The extraordinary influx has produced a series of crises for the administration, starting this spring with record numbers of unaccompanied minors crossing without parents who were crowded shoulder to shoulder into Border Patrol tents.
Crossings by Central American family groups overwhelmed U.S. agents this summer, and in September, the sudden arrival of 15,000 mostly Haitian migrants to a crude camp in Del Rio, Tex., produced politically damaging scenes of chaos and harsh enforcement tactics by Border Patrol agents on horseback.
Immigrant advocates who backed Biden’s candidacy have soured on his presidency lately, with several staging a virtual walkout last weekend during a meeting with White House policy advisers. Biden’s proposals for a major immigration overhaul are stalled in Congress, and Republicans are planning to use his border record as a cudgel in next year’s midterm elections.
The Biden administration has responded to criticism of the arrest numbers by noting that it continues to use the Title 42 public health policy to rapidly “expel” most adult border crossers to Mexico or their home countries.
Of the 1.7 million detained during the 2021 fiscal year, 61 percent were expelled under Title 42, the CBP data shows.
The expulsions have led to a significant increase in repeat crossing attempts by migrants who are turned back, so the number of distinct individuals taken into custody is lower than the number of arrests recorded. Recidivism rates have exceeded 25 percent in recent months, twice as high as in previous years, according to CBP figures.
The 1.7 million figure includes migrants arrested between ports of entry by the Border Patrol as well as those who attempted to enter the United States without authorization through official ports of entry who were detained by blue-uniformed CBP officers.
During the 2021 fiscal year, agents apprehended 1.66 million along the Mexico border only, the latest figures show.

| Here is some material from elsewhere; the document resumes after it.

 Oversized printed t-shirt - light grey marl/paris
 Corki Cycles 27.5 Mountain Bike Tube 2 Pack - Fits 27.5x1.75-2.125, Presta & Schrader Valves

CBP’s Rio Grande Valley sector was the busiest last year, with 549,000 Border Patrol apprehensions, followed by the Del Rio sector, with 259,000, which eclipsed historically busier sectors such as El Paso and Tucson.
The CBP figures show declines last year in seizures of cocaine, heroin and methamphetamine. Analysts attribute the decrease to diminished vehicle traffic through ports of entry as a result of pandemic-related travel restrictions, as well as fewer interdictions by overstretched border agents.